III – La tenue des assemblées.

Convoquer. Cela fait longtemps que la modalité électronique s’est invitée dans les communications que les sociétés adressent à leurs actionnaires et dans les missives que ceux-ci peuvent adresser en retour. Il y a vingt ans maintenant que la loi NRE du 15 mai 2001 a ouvert la voie à l’exercice à distance des droits des actionnaires par la voie électronique.

Tenir l’assemblée. Des étapes supplémentaires ont été franchies, comme lorsqu’une ordonnance du 4 mai 2017 a permis, dans les sociétés anonymes non cotées en bourse, que les assemblées se tiennent « exclusivement par visioconférence ou par des moyens de télécommunication permettant l’identification des actionnaires » (article L. 225-103-1 du Code de commerce).

Produire de l’intelligence collective. Il serait cependant dommage de réduire les améliorations issues de l’innovation à de simples questions d’envois de courriers ou de tenue matérielle des assemblées. En clair, il serait dommage que la société se prive de la ressource que constitue l’intelligence collective de ses actionnaires. Mais comment mettre en place un crowdsourcing de la décision sociétaire, c'est-à-dire une production véritablement collective de cette décision, par le recours à des instruments participatifs, assurant un véritable échange ? C’est bien entendu le recours à Internet qui permettra de faire participer utilement les actionnaires à la décision, autrement que par leur vote, alors même que ceux-ci pourront se compter par milliers.
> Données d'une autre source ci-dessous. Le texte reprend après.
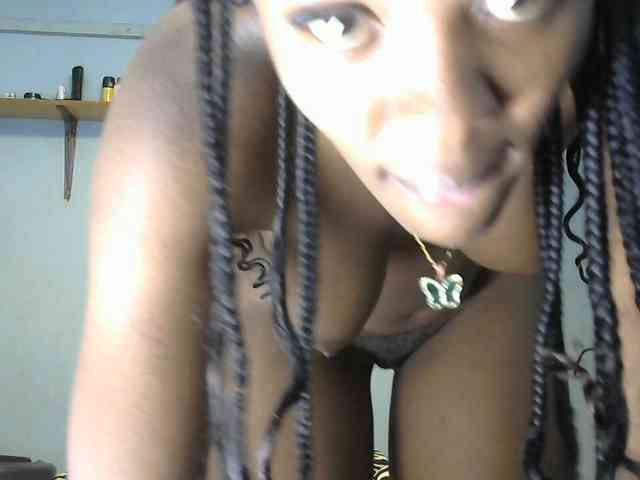 Trisha254 webcam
En permettant aux actionnaires de formuler directement des opinions et d’amender les opinions que certains d’entre eux auront émises, d’une part, en leur donnant les moyens d’évaluer les opinions formulées avec un comptage précis des évaluations, d’autre part, le recours à Internet pourrait conduire à donner aux assemblées d’actionnaires un rôle nouveau. Il faudrait sans doute, pour éviter que les assemblées aient une durée excessive, envisager d’instituer, en amont de l’assemblée, une phase de travail collectif entre actionnaires – une « pré-assemblée » en somme.
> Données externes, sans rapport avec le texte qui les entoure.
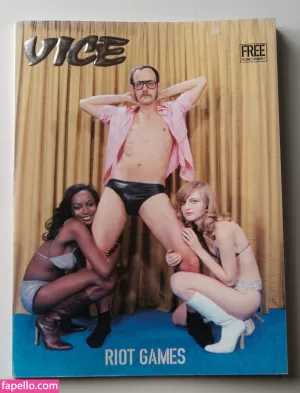 terry-richardson thumbnail #248583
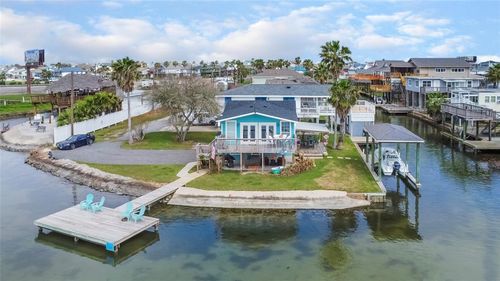 1 Highland Dr, Hitchcock, TX, 77563-2529 | Card Image
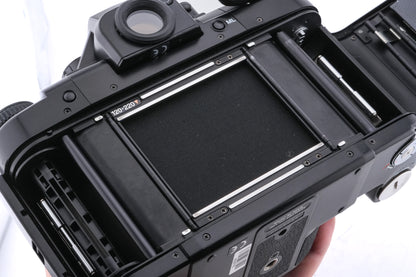 Pentax 67 II + AE Pentaprism Finder (67 II)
Conclusion. En attendant que la modernisation nous voie atteindre cette utopie collaborative, force est de constater qu’une série de moyens techniques, dont beaucoup étaient inaccessibles autrefois (envois électroniques, audio- et visioconférences), rendent déjà de grands services. Ils permettent notamment de tenir les assemblées en période de crise sanitaire, sans faire courir aux actionnaires un risque excessif et en constituant pour ces derniers un support efficace pour l’exercice de leurs prérogatives, ce qui n’est pas rien.